- Born: April 24, 1969 (age 57) Montreal, Quebec, Canada
- Height: 5 ft 9 in (175 cm)
- Weight: 160 lb (73 kg; 11 st 6 lb)
- Position: Centre
- Shot: Right
- Played for: ECHL Hampton Roads Admirals SuHL Daytona Beach Sun Devils
- Playing career: 1990–1991

= Jeff Turcotte =

Canadian ice hockey player

Jeff Turcotte (born April 24, 1969) is a Canadian former professional ice hockey centre who played briefly in the East Coast Hockey League (ECHL) and Sunshine Hockey League (SuHL).

==Playing career==
Turcotte played three years of junior hockey in the Ontario Hockey League (OHL) with the Toronto Marlboros, including a brief stay in the British Columbia Junior Hockey League (BCJHL) with the New Westminster Royals. He turned pro near the end of the 1989–90 season, joining the Hampton Roads Admirals of the ECHL for 12 games, scoring 7 points. The next season, he moved to the SuHL to play one season for the Daytona Beach Sun Devils, where he scored 54 points in 47 games.
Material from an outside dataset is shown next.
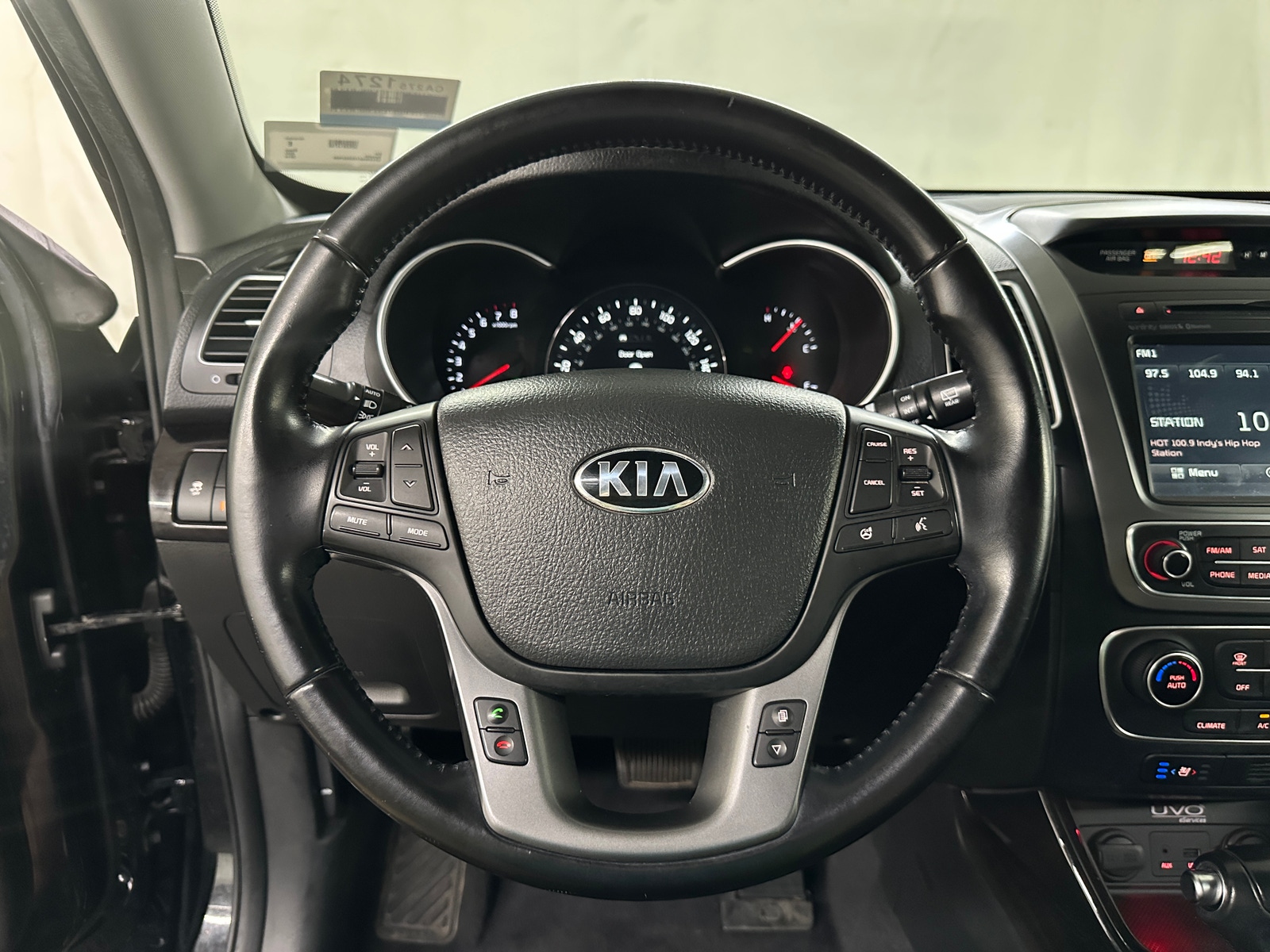Thumbnail: 2014 Kia Sorento - 4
After retiring, Turcotte became a minor hockey coach with the California Wave. He helped guide a team that included defenceman Jonathon Blum, who became the first California-born-and-trained player to be drafted in the first round of the NHL entry draft (23rd overall by the Nashville Predators), to second-place finishes in national Midget AAA and Bantam AAA championships, culminating in an international Bantam tournament championship in Kamloops, B.C., in 2004.

==Family==
Turcotte's older brother, Alfie Turcotte, is a former National Hockey League player, drafted by the Montreal Canadiens 17th overall in the 1983 NHL entry draft. Alex Turcotte is Turcotte's nephew.